May 27, 2024

The AI Trust Fall

If I asked you, “When someone turns in a work assignment, how accurate is it? 80%, 90%, 95% or perhaps 100%?”

We don’t think this way about coworkers’ spreadsheets. But we will probably think this way about AI & this will very likely change the way product managers on-board users.

When was the last time you signed up for a SaaS & wondered : Would the data be accurate? Would the database corrupt my data? Would the report be correct?

But today, with every AI software now tucking a disclaimer at the bottom of the page, we will be wondering. “Gemini may display inaccurate info, including about people, so double-check its responses” & “ChatGPT/Claude can make mistakes. Check important info” are two examples.

In the early days of this epoch, mistakes will be common. Over time, less so, as accuracies improve.

The more important the work, the greater peoples’ need to be confident the AI is correct. We will demand much better than human error rates. Self-driving cars provide an extreme example of this trust fall. Waymo & Cruise have published data arguing self-driving cars are 65-94% safer.

Yet, 2/3 of Americans surveyed by the AAA fear them.

We suffer from a cognitive bias : work performed by a human is likely more trustworthy because we understand the biases & the limitations. AIs are a Schrodinger’s cat stuffed in a black box. We don’t comprehend how the box works (yet), nor can we believe our eyes if the feline is dead or alive when we see it.

New product on-boarding will need to mitigate this bias.

One path may be starting with low-value tasks where the software-maker has tested exhaustively the potential inputs & outputs. Another tactic may be to provide a human-in-the-loop to check the AI’s work. Citations, references, & other forms of fact-checking will be a core part of the product experience. Independent testing might be another path.
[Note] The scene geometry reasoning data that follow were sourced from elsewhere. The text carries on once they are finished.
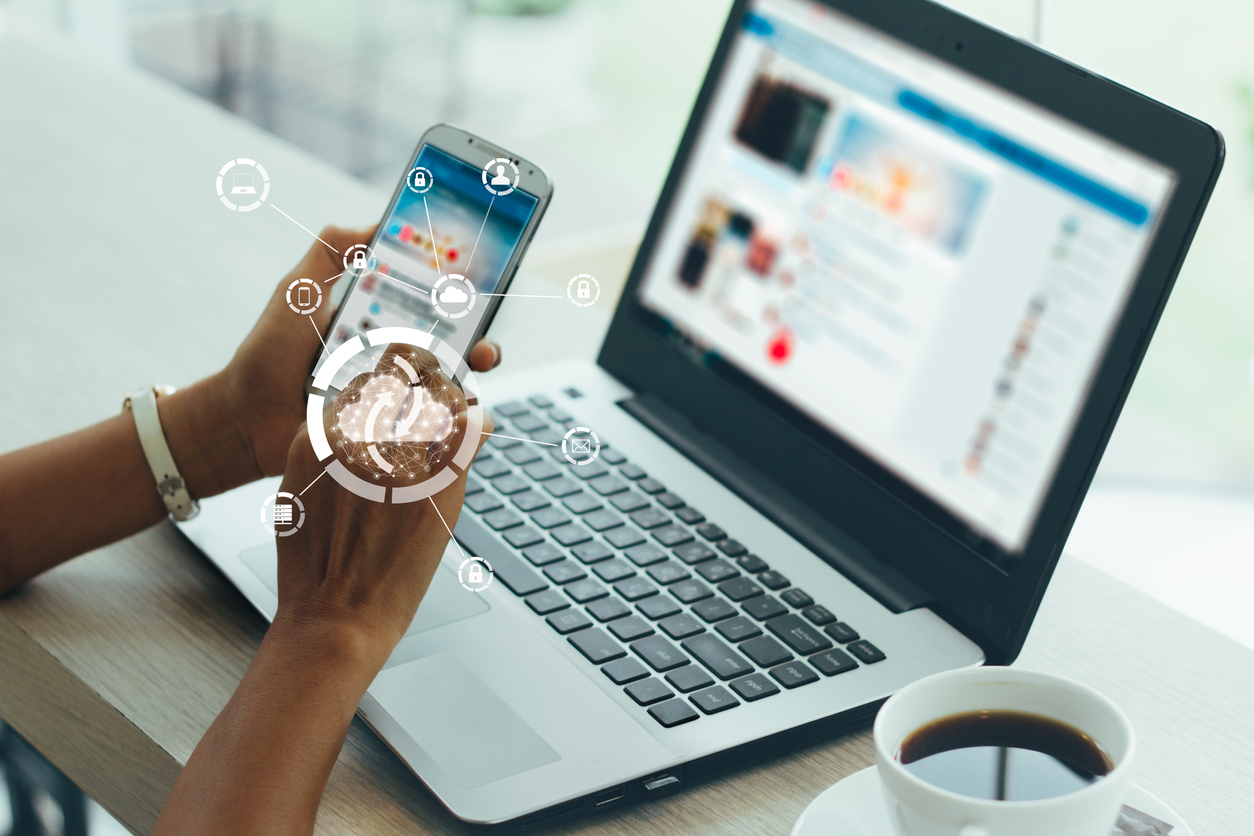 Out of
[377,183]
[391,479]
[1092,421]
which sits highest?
[1092,421]

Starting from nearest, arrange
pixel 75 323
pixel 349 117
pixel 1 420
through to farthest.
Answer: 1. pixel 1 420
2. pixel 75 323
3. pixel 349 117

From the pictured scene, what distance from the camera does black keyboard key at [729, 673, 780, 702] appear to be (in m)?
0.53

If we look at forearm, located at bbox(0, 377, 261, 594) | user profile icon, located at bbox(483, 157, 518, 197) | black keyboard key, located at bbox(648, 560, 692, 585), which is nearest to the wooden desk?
forearm, located at bbox(0, 377, 261, 594)

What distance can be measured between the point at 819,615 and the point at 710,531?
3.6 inches

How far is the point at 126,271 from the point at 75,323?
0.09m

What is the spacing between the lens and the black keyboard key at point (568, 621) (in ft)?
1.85

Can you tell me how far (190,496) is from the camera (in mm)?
638

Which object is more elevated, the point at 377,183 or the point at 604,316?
the point at 604,316

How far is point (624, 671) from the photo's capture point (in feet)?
1.76

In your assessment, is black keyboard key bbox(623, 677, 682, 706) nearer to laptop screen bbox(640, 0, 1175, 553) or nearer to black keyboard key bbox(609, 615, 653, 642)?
black keyboard key bbox(609, 615, 653, 642)

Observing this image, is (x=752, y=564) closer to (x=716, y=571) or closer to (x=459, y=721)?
(x=716, y=571)

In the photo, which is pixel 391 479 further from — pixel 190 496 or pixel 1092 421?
pixel 1092 421

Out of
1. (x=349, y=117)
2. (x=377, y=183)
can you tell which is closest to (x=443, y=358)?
(x=377, y=183)

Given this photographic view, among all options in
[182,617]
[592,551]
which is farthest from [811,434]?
[182,617] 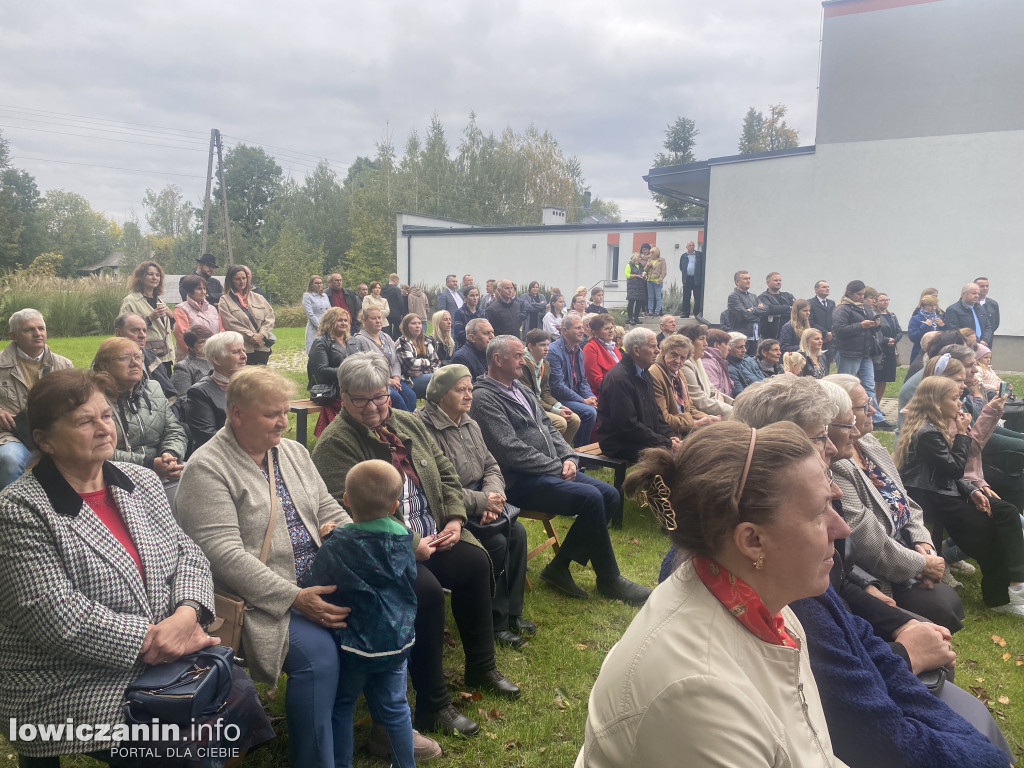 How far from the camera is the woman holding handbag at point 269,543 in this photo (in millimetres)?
2619

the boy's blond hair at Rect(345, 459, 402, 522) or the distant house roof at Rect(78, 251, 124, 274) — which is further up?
the distant house roof at Rect(78, 251, 124, 274)

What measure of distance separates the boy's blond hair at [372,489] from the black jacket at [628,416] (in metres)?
3.41

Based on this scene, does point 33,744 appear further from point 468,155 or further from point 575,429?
point 468,155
As with any new colleague, the first impressions & a series of small wins will determine the person’s trust. Severe errors in the future will erode confidence, that must be rebuilt - likely with the help of human support teams who will explain, develop tests for the future, & assure users.

I recently asked a financial LLM to analyze NVIDIA’s annual report. A question about the company’s increase in dividend amount vaporized its credibility, raising the question : is it less work to do the analysis myself than to check the AI’s work?

That will be the trust fall for AI. Will the software catch us if we trust it?